Share your dilemmas and get honest opinions from other Mumsnetters.

To ask DH to move out of our room?!

46 replies

Msqueen33 · 12/12/2016 19:57

Just that. We have kids aged between 8-4. The younger two have autism. Up until recently our middle DC would wake up. Since we've taken the dummy off the youngest she is now a horrific sleeper. It takes over an hour to get her to sleep (I have to sit on her bed as husband isn't home) then tend to the older two. Youngest then wakes between 12/2am and comes into our room and either sleeps (but we get shoved out the bed) or is up and hyper all night. I've suggested having her sleep in our bed and dh or I have her single bed just so her sleep is consistent. She's non verbal and has limited understanding. I'm running on limited patience as I'm a very light sleeper and she wakes me or she's up completely hyper all night.

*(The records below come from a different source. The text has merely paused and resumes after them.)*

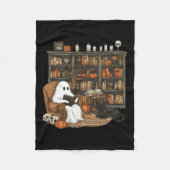 Ghost Reading Books Librarian Teacher Halloween Fleecedecke (Vorderseite)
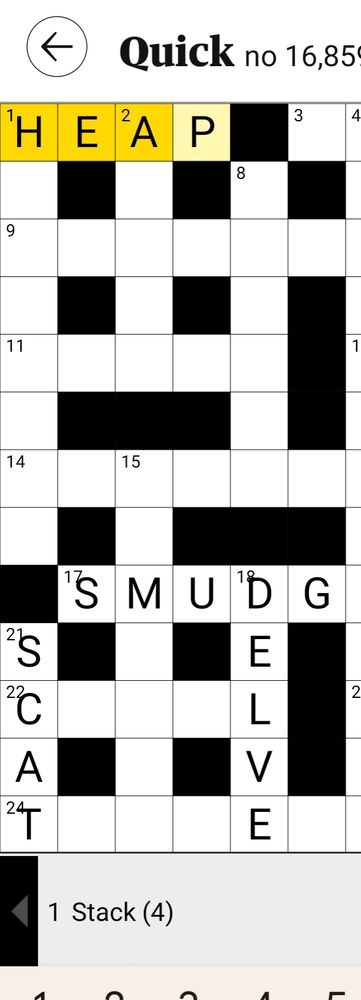 A cropped screenshot of a crossword puzzle. The clue reads "Stack (4)" and the answer is "Heap".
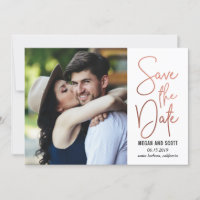 Escrita Chic EDITABLE COLOR Save The Date RoseGold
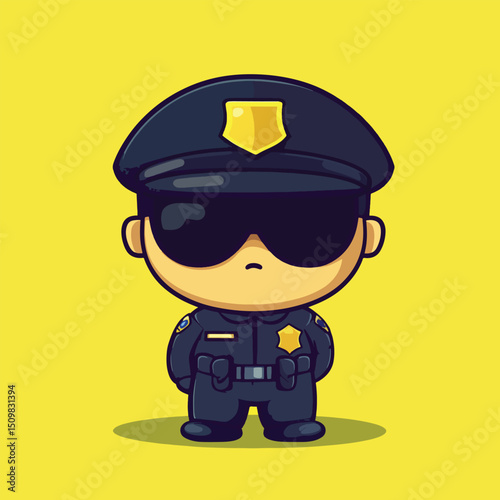 Cool Cartoon Police Officer with Sunglasses
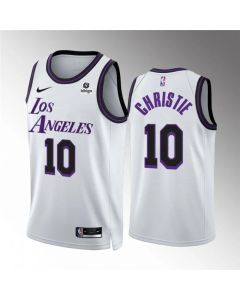 Men's Los Angeles Lakers #10 Max Christie White City Edition Stitched Basketball Jersey
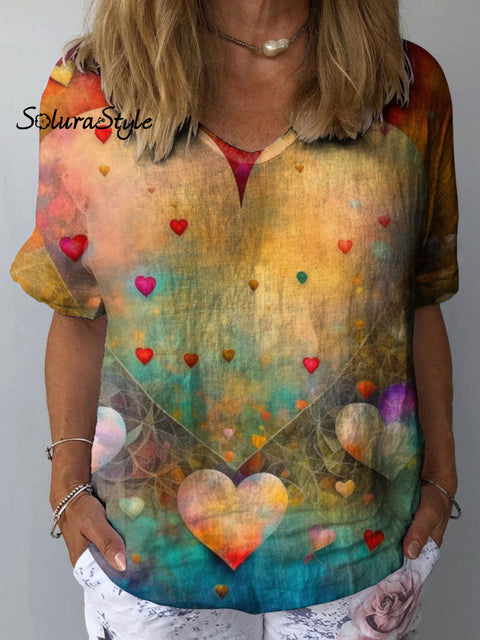 Women’s Romantic Heart Art Print Casual Cotton And Linen Shirt Multicolor / S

My mum seems to be expecting us to dtd a lot but I need sleep. Youngest is really hard work and I'm falling into a doze at 6pm on the sofa.

Is this crazy?

OP posts:
Sweets101 · 12/12/2016 19:59

Your mum??! What's it got to do with her?!

Personally i'd give your daughter back her dummy.

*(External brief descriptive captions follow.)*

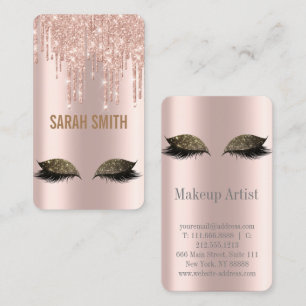 Professional makeup artist and eyelash expert business card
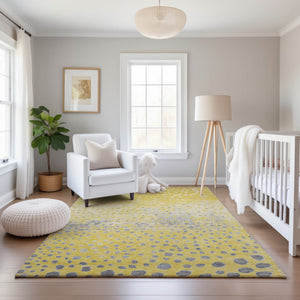 HomeRoots 5' X 8' Washable Yellow Gray Ivory Polka Dot Area Rug with UV Protection for Playful Spaces 693260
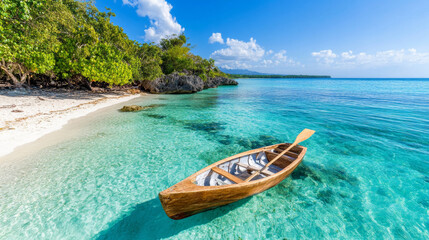 Naklejka premium serene wooden boat rests on clear turquoise water
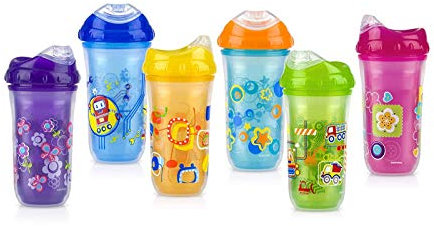 Nuby Bottles, No-Spill, Insulated Cool Sipper, Step 4, 9 Oz, 18M+, 1 ct (Pack of 2)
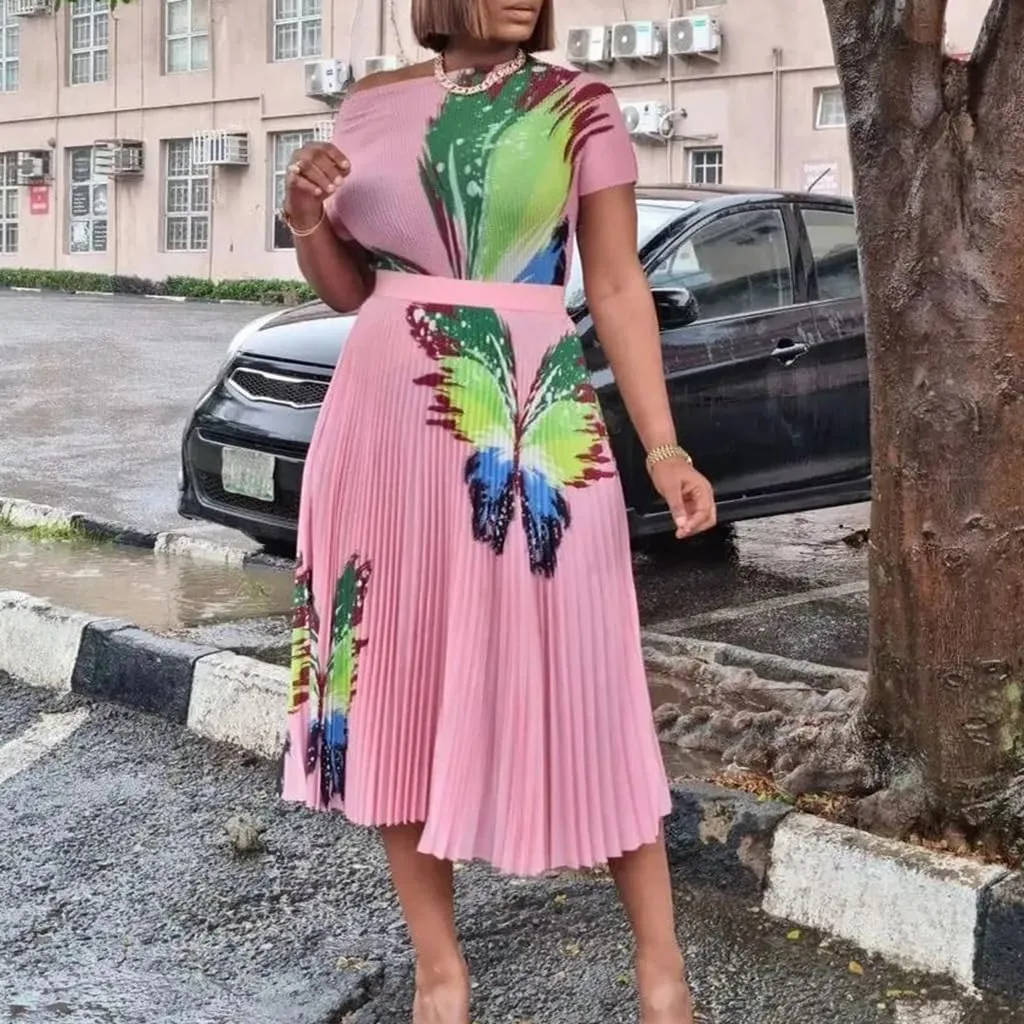 Women's Prom Dresses Sexy Printed Tops Pleated Large Skirt Half-Body Skirt Set Formal Dresses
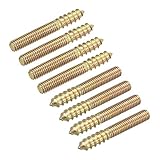 uxcell ハンガーボルト M6×40mm 8本 両端ねじ ノックネジ ダウエルねじ ビス 木製家具用 改修 工事 修理 接合金具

Lunaballoon · 12/12/2016 20:00

Your mum expects you to dtd? Eh? What's it got to do with her?

Prawnofthepatriarchy · 12/12/2016 20:02

Why have you taken the dummy away? Sounds unwise.

DecaffCoffeeAndRollupsPlease · 12/12/2016 20:03

Would giving the dummy back to the youngest not take some of the pressure off?

gamerchick · 12/12/2016 20:05

Give the dummy back. Life's hard enough!

HaveNoSocks · 12/12/2016 20:05

I would do whatever it takes to get more sleep personally. And maybe your mum should offer to do something helpful or keep her nose out!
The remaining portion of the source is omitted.